Arbitrators Are Answerable to No One

by Paul Bland

In an ever-growing trend, corporations have moved to excuse themselves from the normal civil justice system by shifting disputes that their customers or employees may have against them from courts into the private judging system of arbitration. In this situation, instead of having lawsuits alleging consumer fraud or racial discrimination or similar types of claims handled in court, corporations are requiring consumers and employees to bring their claims before private arbitrators who are largely selected by private arbitration firms who compete with each other to be selected by the corporations.

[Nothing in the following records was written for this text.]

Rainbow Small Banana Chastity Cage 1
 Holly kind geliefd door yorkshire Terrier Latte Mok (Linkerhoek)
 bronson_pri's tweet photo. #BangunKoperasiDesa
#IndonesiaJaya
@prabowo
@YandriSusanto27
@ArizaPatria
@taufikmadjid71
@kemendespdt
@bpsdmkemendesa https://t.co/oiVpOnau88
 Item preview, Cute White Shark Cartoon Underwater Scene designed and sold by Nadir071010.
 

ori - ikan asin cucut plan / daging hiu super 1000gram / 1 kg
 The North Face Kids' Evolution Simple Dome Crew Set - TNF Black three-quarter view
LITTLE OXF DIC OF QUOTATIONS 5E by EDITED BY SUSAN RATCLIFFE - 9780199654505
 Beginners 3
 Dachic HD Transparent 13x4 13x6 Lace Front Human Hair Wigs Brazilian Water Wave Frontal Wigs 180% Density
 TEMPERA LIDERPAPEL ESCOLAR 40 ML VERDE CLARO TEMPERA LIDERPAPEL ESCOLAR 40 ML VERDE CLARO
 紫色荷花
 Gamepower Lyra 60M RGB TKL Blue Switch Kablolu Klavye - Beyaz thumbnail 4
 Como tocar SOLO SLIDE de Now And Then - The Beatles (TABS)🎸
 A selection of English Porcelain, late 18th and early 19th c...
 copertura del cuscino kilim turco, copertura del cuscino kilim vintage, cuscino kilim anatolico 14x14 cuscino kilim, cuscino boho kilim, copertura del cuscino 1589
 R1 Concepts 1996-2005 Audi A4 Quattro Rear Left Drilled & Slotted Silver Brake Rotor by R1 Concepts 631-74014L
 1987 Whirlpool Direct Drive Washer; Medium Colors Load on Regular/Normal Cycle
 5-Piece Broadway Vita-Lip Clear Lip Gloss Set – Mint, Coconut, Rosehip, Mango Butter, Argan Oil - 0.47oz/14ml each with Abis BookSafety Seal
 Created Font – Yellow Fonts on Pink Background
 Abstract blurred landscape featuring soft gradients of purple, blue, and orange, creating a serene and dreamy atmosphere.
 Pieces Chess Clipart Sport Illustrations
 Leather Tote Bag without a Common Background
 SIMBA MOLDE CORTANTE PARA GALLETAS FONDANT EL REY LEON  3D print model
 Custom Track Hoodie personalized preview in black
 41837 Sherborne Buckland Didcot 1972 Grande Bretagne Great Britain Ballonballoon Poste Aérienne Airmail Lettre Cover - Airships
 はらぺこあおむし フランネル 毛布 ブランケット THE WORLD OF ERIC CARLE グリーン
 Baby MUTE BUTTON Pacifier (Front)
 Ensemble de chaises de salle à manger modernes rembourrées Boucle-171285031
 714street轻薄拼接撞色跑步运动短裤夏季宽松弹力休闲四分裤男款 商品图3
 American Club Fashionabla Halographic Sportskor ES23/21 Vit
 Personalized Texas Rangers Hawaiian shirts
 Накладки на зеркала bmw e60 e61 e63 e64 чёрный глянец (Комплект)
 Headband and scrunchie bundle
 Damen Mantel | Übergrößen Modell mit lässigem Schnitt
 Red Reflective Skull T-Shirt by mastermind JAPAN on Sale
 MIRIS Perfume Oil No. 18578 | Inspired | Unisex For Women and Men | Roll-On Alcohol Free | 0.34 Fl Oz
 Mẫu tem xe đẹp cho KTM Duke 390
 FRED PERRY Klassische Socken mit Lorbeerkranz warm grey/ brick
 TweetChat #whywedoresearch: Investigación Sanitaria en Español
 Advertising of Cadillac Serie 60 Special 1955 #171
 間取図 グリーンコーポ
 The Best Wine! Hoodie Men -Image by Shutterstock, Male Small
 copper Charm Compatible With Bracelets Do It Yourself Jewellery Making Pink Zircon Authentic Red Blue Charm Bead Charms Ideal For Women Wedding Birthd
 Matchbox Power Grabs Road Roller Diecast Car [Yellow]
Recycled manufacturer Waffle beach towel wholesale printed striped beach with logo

While consumer and civil rights advocates have raised a host of concerns about this system of private judging, one concern that has consistently arisen is that the decision of the private judges are almost subjected to any meaningful review by courts. Drawing upon a long strand in American political thought that it is unwise to give any one power that is not subject to any meaningful check or challenge, consumer and civil rights advocates have questioned the wisdom of sending important consumer and statutory cases into a system where one person will make a decision that will almost certainly never be seriously questioned.

These policy concerns have been completely rejected by the U.S. Supreme Court. About 15 to 20 years ago, there was a lively controversy in this country about whether arbitrators should be given the power to decide cases involving important statutes that Congress had passed to protect the public at large. "Arbitration may be alright for deciding contract and commercial disputes between two businesses," the argument essentially ran, "but corporations should not have the power to push their customers and employees to bring civil rights and other public statutory claims in arbitration." In a several different cases, the U.S. Supreme Court has flatly rejected these arguments. The Court has held that a broad variety of federal statutory claims are subject to mandatory arbitration agreements.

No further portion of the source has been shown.